DIRECTIONS FOR THIS TASK -
Starting at the line with "property entrance featuring french doors", return every line through the final one of the data, word for word. Pictures stay out.

____ THE INPUT

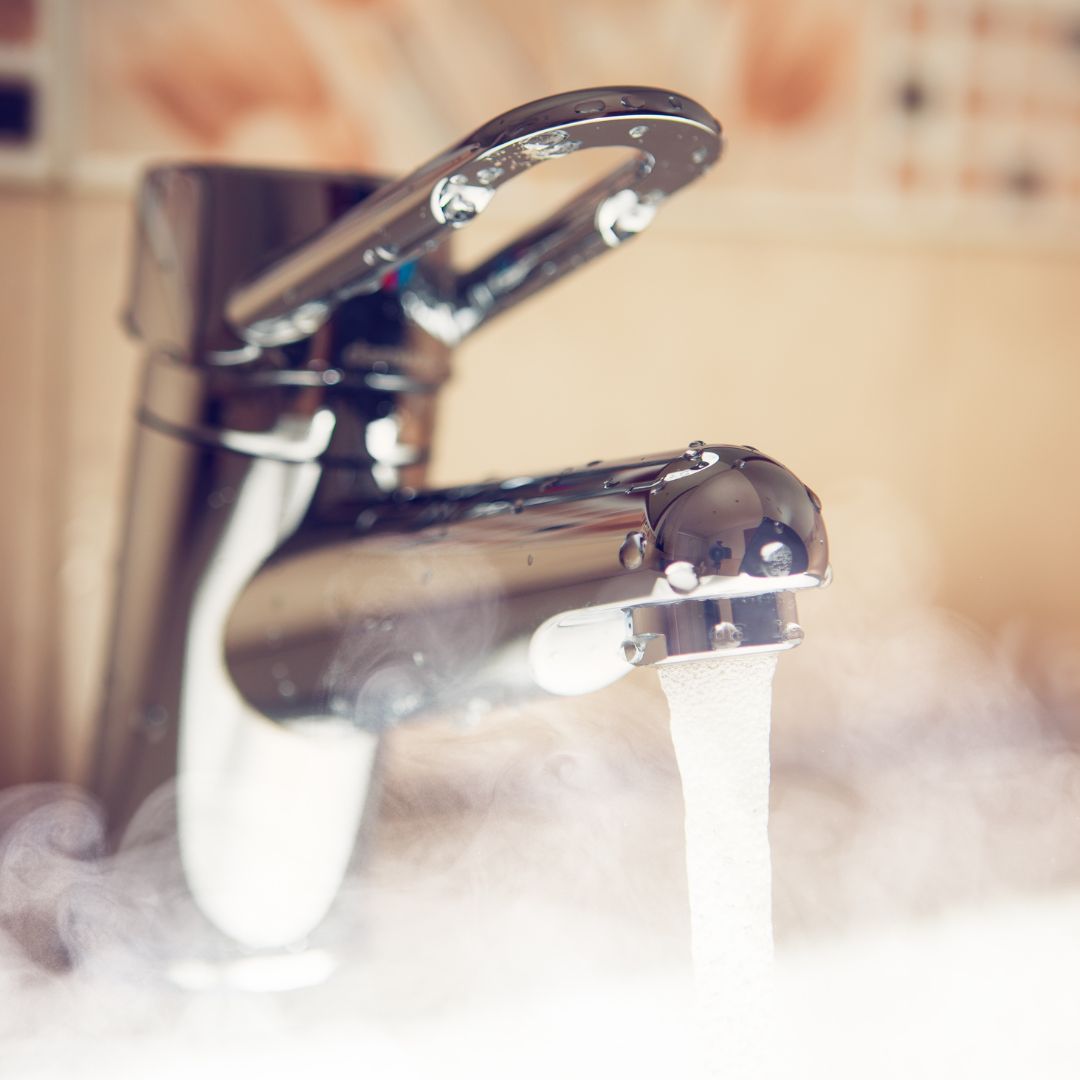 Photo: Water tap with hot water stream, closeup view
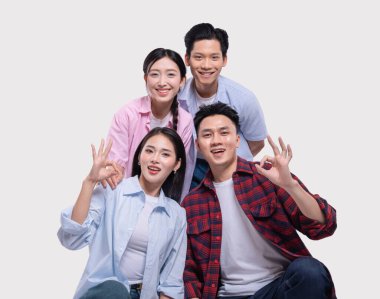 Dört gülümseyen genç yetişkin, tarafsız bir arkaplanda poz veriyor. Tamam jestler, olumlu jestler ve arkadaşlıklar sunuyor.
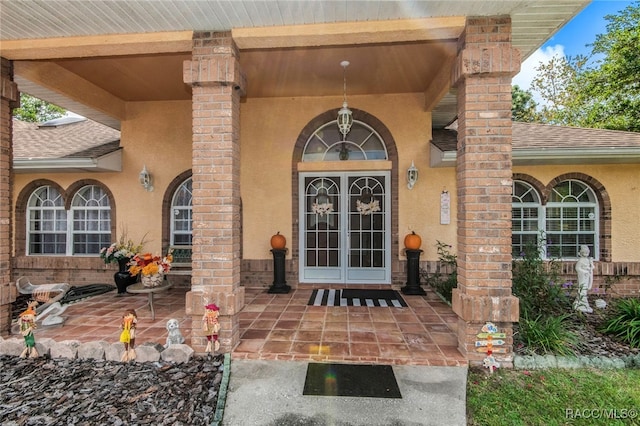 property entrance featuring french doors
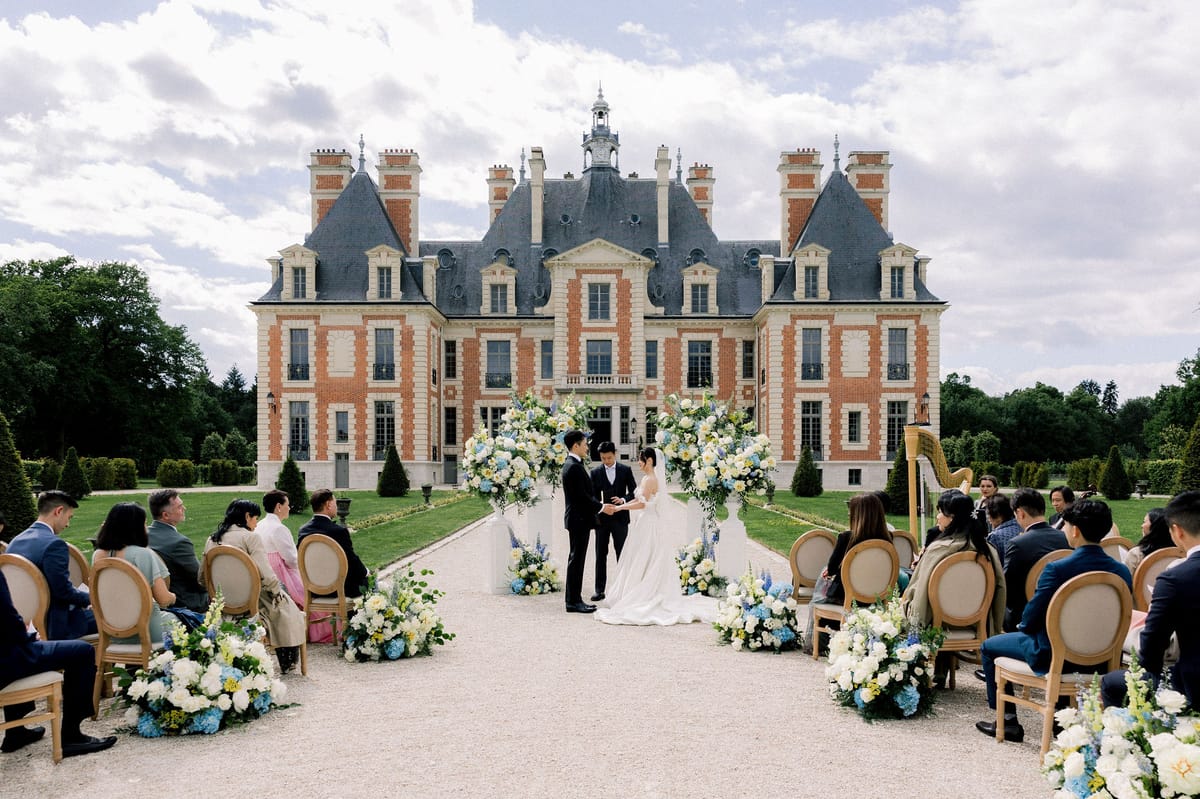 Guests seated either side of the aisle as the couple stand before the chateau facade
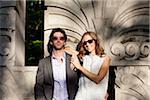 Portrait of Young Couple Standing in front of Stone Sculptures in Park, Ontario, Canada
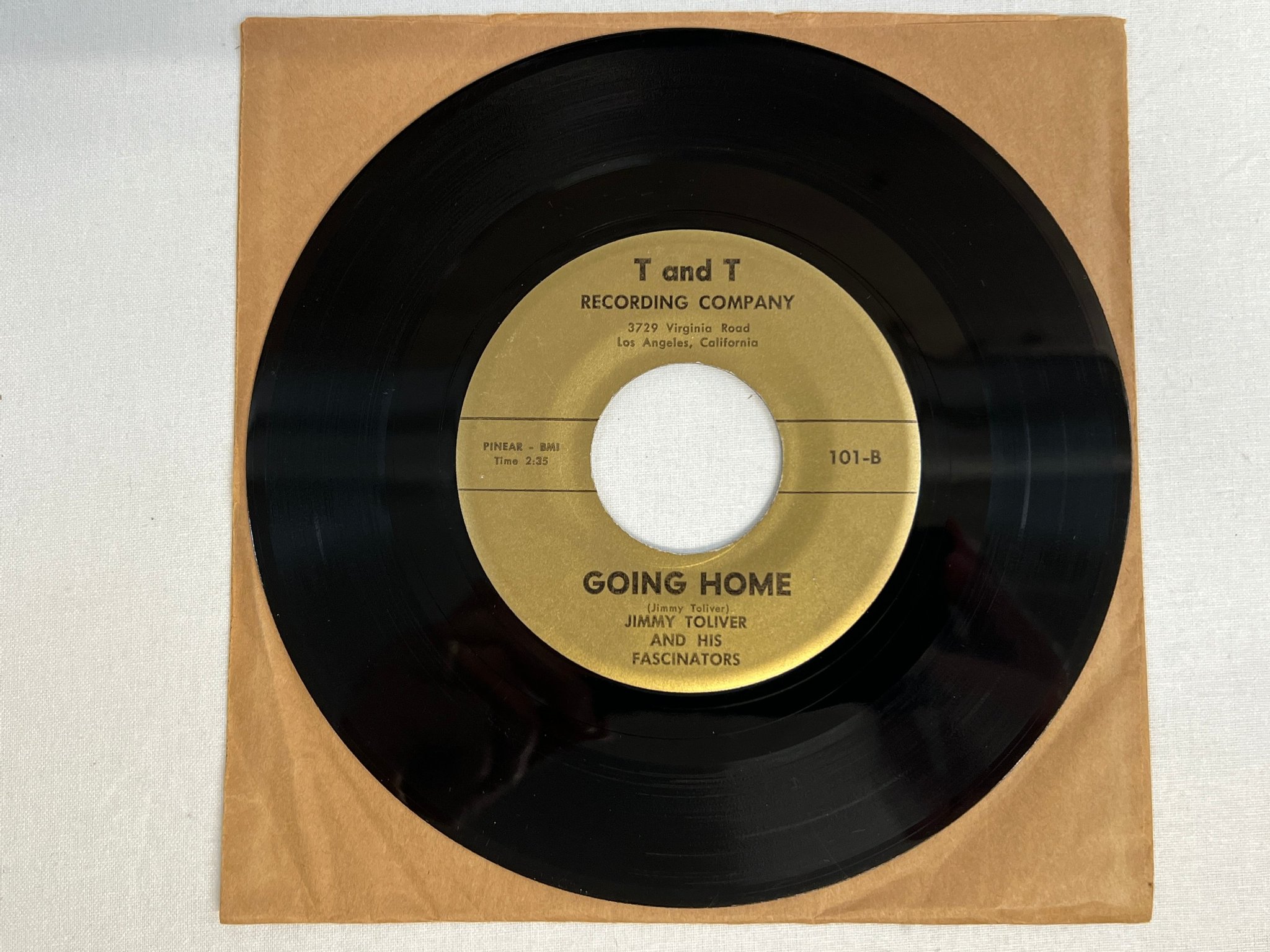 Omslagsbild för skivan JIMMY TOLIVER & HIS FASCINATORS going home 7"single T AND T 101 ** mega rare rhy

________

RESULT OF THE TASK -
 property entrance featuring french doors
 Guests seated either side of the aisle as the couple stand before the chateau facade
 Portrait of Young Couple Standing in front of Stone Sculptures in Park, Ontario, Canada
 Omslagsbild för skivan JIMMY TOLIVER & HIS FASCINATORS going home 7"single T AND T 101 ** mega rare rhy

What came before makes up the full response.